By Erin Fry
Online communities, where people gather and network on the Internet, are sprouting up everywhere you look these days. You have the big social networks—Facebook, Google+, Twitter, LinkedIn—and not surprisingly, associations are seeing the benefit of providing an exclusive, private online location where their members can communicate.
While online communities can be a great member benefit, one of the biggest challenges—besides enticing members to visit your community—is providing compelling content that not only engages members, but also brings them back to the community time and again.
So, your association has decided to launch an online community for its members. Great! But if you're like most association staff, these days you're doing more work with less money and time. How do you create content for your community without spending hours writing articles, blogs, and posts on discussion boards?
Before you even start thinking about creating content, come up with a plan for communicating with your online community. Decide which communication vehicle(s) you'll use (blog, article, discussion forum, etc.), the frequency of communication, any budget concerns, and your target audience. Next, decide who on your communications staff (and possibly volunteers) will be creating and posting content to the community.

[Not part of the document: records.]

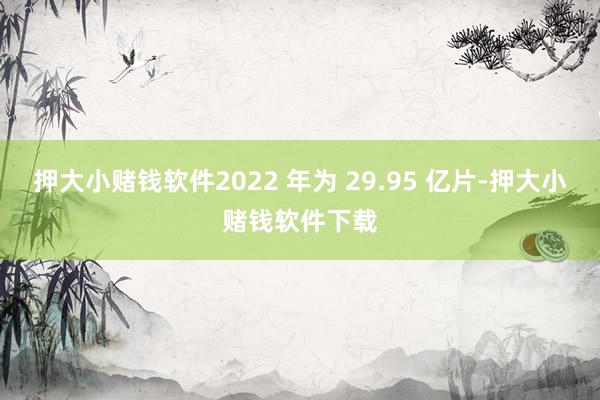 押大小赌钱软件2022 年为 29.95 亿片-押大小赌钱软件下载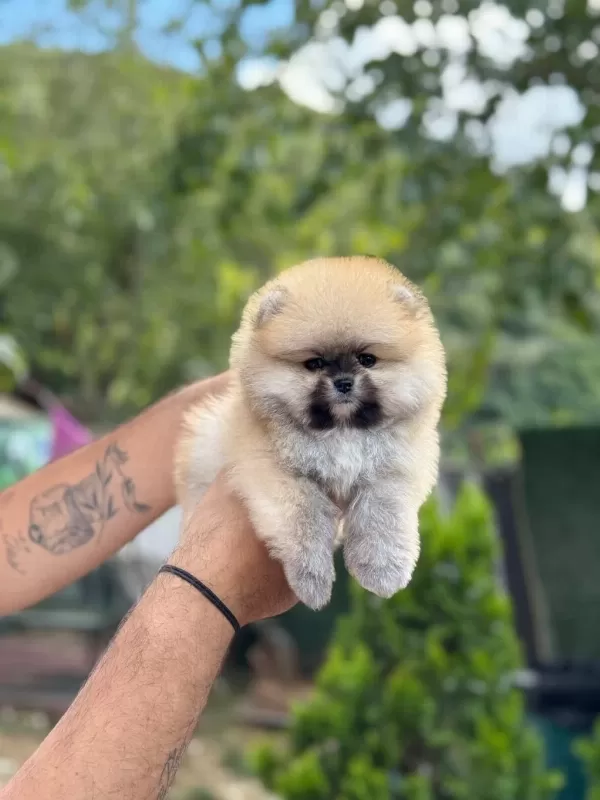 Ayıcık Surat Pomeranian Boo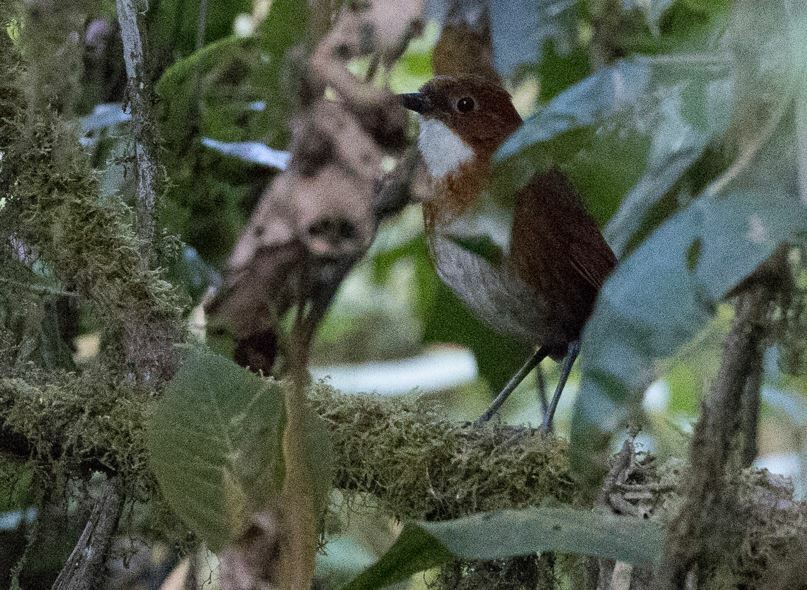 Red-and-white Antpitta (Grallaria erythroleuca), photo 4
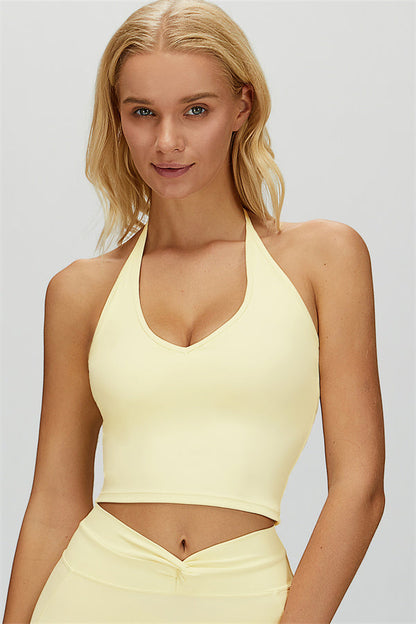 The Dreamy Halter Crop Top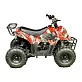 Квадроцикл MZ Grizzly 110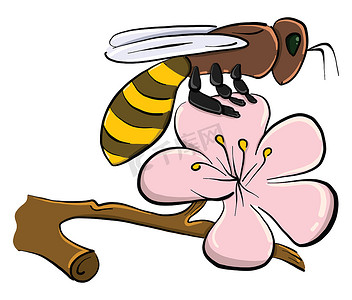 蜜蜂在花上，插图，白色背景上的矢量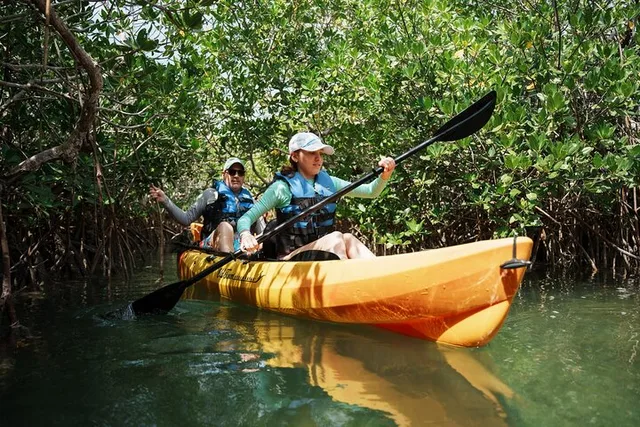Key West Sandbar Kayak Tour with Lunch and Drinks - Image 5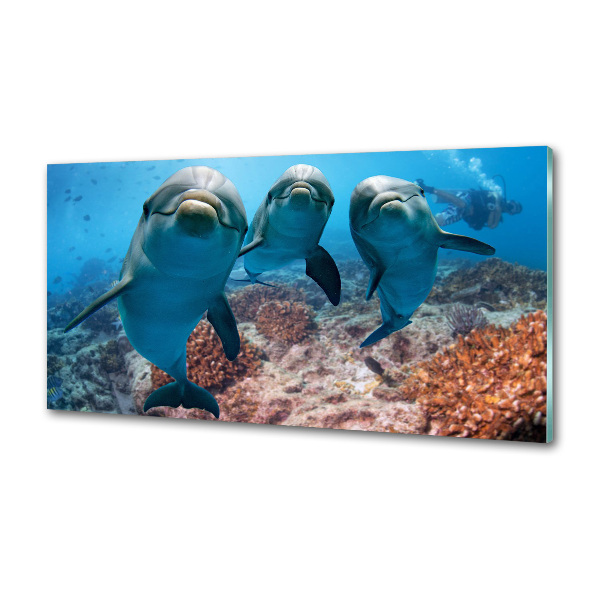 Panel para cocina Delfines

Now that you have a plan, take a look at what content you have available right now. The fastest, cheapest way to get content up on your online community is to take something you already own and do something new with it. Does your association have a website from which you can repurpose content? Can you take an article published in your association magazine and post it as a blog?
Or, even better, take existing content and springboard off it. For example, say you published an article in the magazine about the increased popularity of Google+ and how association members can leverage this new social network in their careers/businesses. You could then post a blog on your community site from a member who's had success with Google+ and invite other members to comment on this topic. It's the best of both worlds, and it connects two communication vehicles and invites members in to discuss a topic that could affect their careers.
But Wait, There's More
After exhausting the content you have, it's time to look for inspiration elsewhere. And here's where tools like Google Alerts, RSS feeds, and other association blogs can help the most. Set up Google Alerts for keywords related to your industry, and read the alerts as they come in to see if there's a hot topic or industry trend members would want to know (and chat) about. Perhaps reading one of the alerts sparks an idea for a blog post—voila!—new content.
If the software your association uses allows outside content to be pulled in, set up RSS feeds so you get fresh information without having to write something original. This will keep your site current without a huge amount of time being devoted to developing new content.
And don't forget to utilize experts in the industry, association members, or other people who would be willing to contribute their time and expertise to your community. There's a wealth of knowledge in your community—use it.
Erin Fry is editor and publications manager for Romance Writers of America and a member of the Association Media & Publishing Content Creation Committee.